В толпе зашептались. Коронер помахал руками в воздухе.
– Господин Краудер, я прошу вас сесть! Здесь суд, действующий по нормам права.
Краудер по-прежнему стоял. У него в руке была трость; анатом ударил ее концом по каменному полу, и этот звук разнесся по залу, словно ружейный выстрел.
– А как же ее запястья? – решительно спросил он. – А как же следы веревки на ее запястьях? Неужели никому из вас это не показалось странным? А рана на коже ее головы?
Шум в помещении усилился до рева.
– Выслушайте его!
Краудер обратился к присяжным.
– Был ли с вами врач, когда вы осматривали тело?

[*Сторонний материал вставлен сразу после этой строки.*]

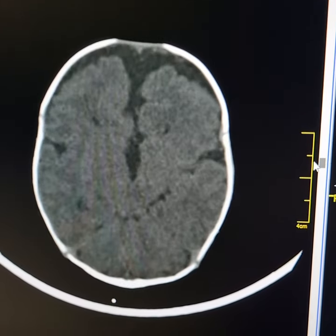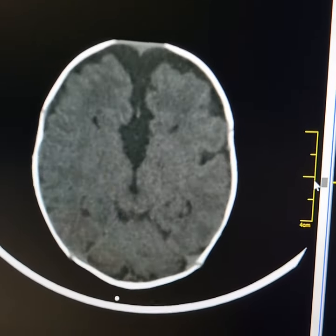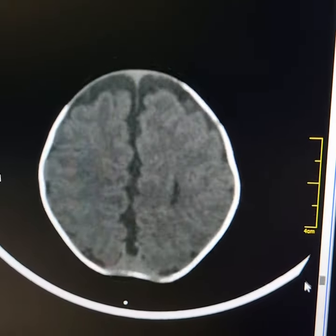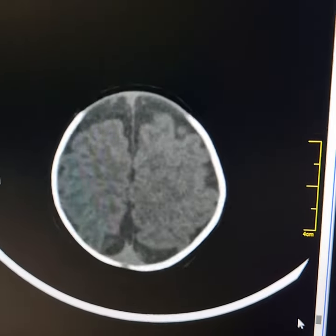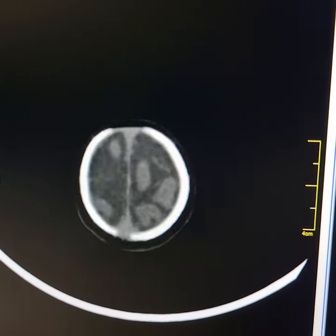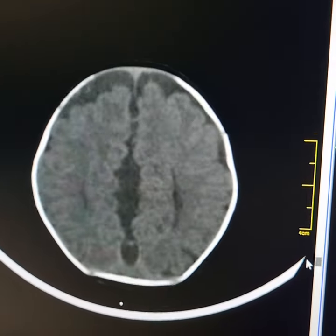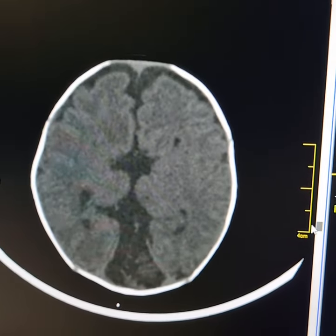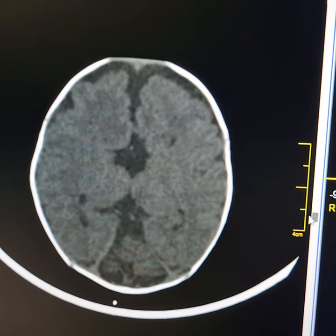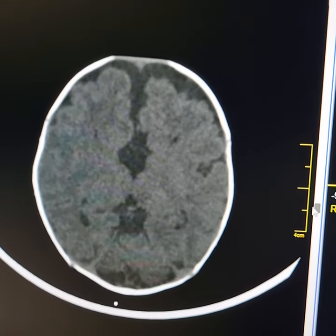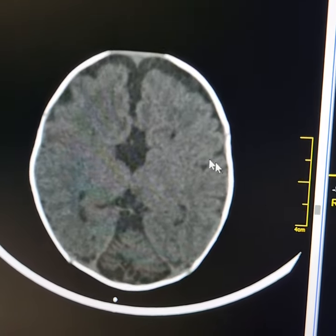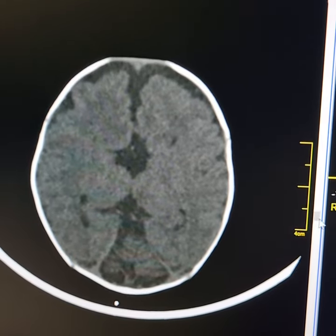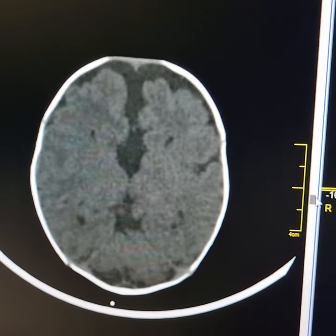First I scroll it up to the vertex, then I will show you further details. Please observe that there is mild dilatation of extra-cerebral CSF spaces. There are focal areas in the parietal region in both parietal lobes.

Размахивая руками, коронер старался утихомирить народ – многие люди поднялись и даже пытались пробраться вперед. Харриет заметила, как один знакомый ей фермер перекрестился.
– У нас не было времени призвать другого врача, господин Краудер, а вы, как мы посчитали… э-э-э… возможно, в некотором роде близки к этим событиям.
– Постыдитесь, черт побери! – закричал кто-то.
– Подлые делишки, скажу я вам, – огрызнулся другой голос.
Харриет обратила внимание, что на этот раз Майклс даже не пытался усмирить толпу.
– Расскажите нам об этих отметинах! – потребовал еще один голос. – Кто ее убил?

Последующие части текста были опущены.